The literature says that a Security Trustee, Stoa Financial, will act on behalf of bondholders. The literature says correctly that “this does not mean that investments are safe or guaranteed.” Stoa Financial was previously a promoter of Providence Bonds, an investment scheme which collapsed with total losses to investors.

Should I invest in Ocea Group?

This blog does not give financial advice. The following are statements of publicly available facts or widely accepted investment principles, not a personalised recommendation. Investors should consult a regulated independent financial adviser if they are in any doubt.

As with any individual loan note to an unlisted micro-cap company, this investment is only suitable for sophisticated and/or high net worth investors who have a substantial existing portfolio and are prepared to risk 100% loss of their money.

As an individual, illiquid security with a risk of total and permanent loss, Ocea Group’s loan notes are much higher risk than a mainstream diversified stockmarket fund.

Before investing investors should ask themselves:

  • How would I feel if the investment defaulted and I lost 100% of my money?
  • Do I have a sufficiently large portfolio that the loss of 100% of my investment would not damage me financially?
  • Have I conducted due diligence to ensure the asset-backed security can be relied on?

The investment may be suitable for high net worth and sophisticated investors who will already be well aware of all of the above risks, are looking to invest a small part of their assets in corporate lending, have done sufficient due diligence, and feel that the return on offer is sufficient for the risks involved in lending to a small company.

If you are looking for a safe investment, you should not invest in corporate loans with a risk of 100% loss.

2 thoughts on “We review Ocea’s bonds paying 6.85% per year

  1. You appear to misunderstand what a Security Trustee does. A Security Trustee steps in when something bad has already happened and quickly acts on behalf of all bond holders to secure assets and recover value. If the assets have already disappeared as in the case of London Capital and Finance/Providence there is nothing left for a security trustee to recover. Both London Capital and Finance/Providence were scrutinised for compliant financial promotion by the FCA as fair clear and not misleading before launch and the management still allegedly sequestered the assets.

    Mini Bonds were designed by George Osborne for growing British SME’s to borrow directly from retail investors as the banks were not lending.

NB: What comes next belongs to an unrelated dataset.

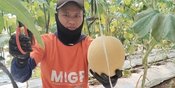 YBM BRILiaN SBO Malang Berdayakan Buruh Tani lewat Zakat Produktif, Hasilkan Lebih dari 5 Ton Melon YBM BRILiaN SBO Malang Berdayakan Buruh Tani lewat Zakat Produktif, Hasilkan Lebih dari 5 Ton Melon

    A Mini Bond from a growing British SME with good prospects and recoverable domestic assets is worth considering by appropriate individuals spreading their risk. London Capital and Finance/Providence had most of the assets outside the UK which increased the difficulty of the security trustee recovering value..

  2. You appear to misunderstand what a Security Trustee does.

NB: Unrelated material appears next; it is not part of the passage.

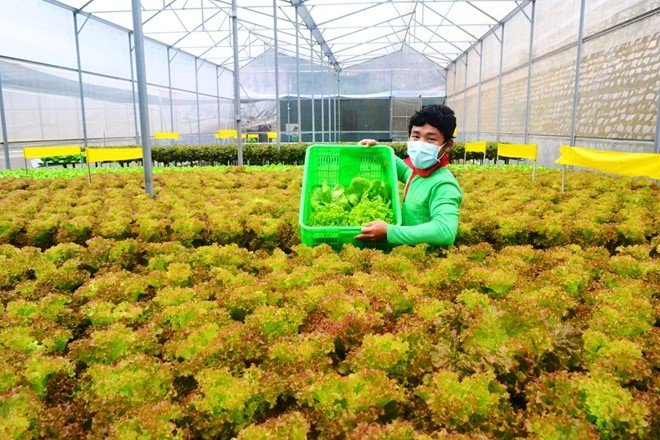 Rau thủy canh thu hoạch 15 vụ mỗi năm, ăn không cần rửa ảnh 1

    As I haven’t mentioned the Security Trustee in the review (mainly because it is of peripheral importance for the reasons you outline) I’m not sure how you get that impression.

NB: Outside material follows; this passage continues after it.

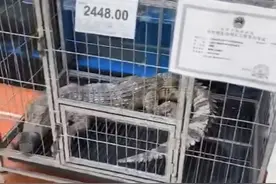 活体鳄鱼超市售价2488元 商家：人工养殖可售卖图片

    A Mini Bond from a growing British SME with good prospects and recoverable domestic assets is worth considering by appropriate individuals spreading their risk.

    Professional independent due diligence is essential to verify that the domestic assets exist, are worth what the borrower says they are worth, and that any security is legally valid, if potential investors are investing on that basis. And that their “good prospects” are based on accurate financial data and reasonable assumptions.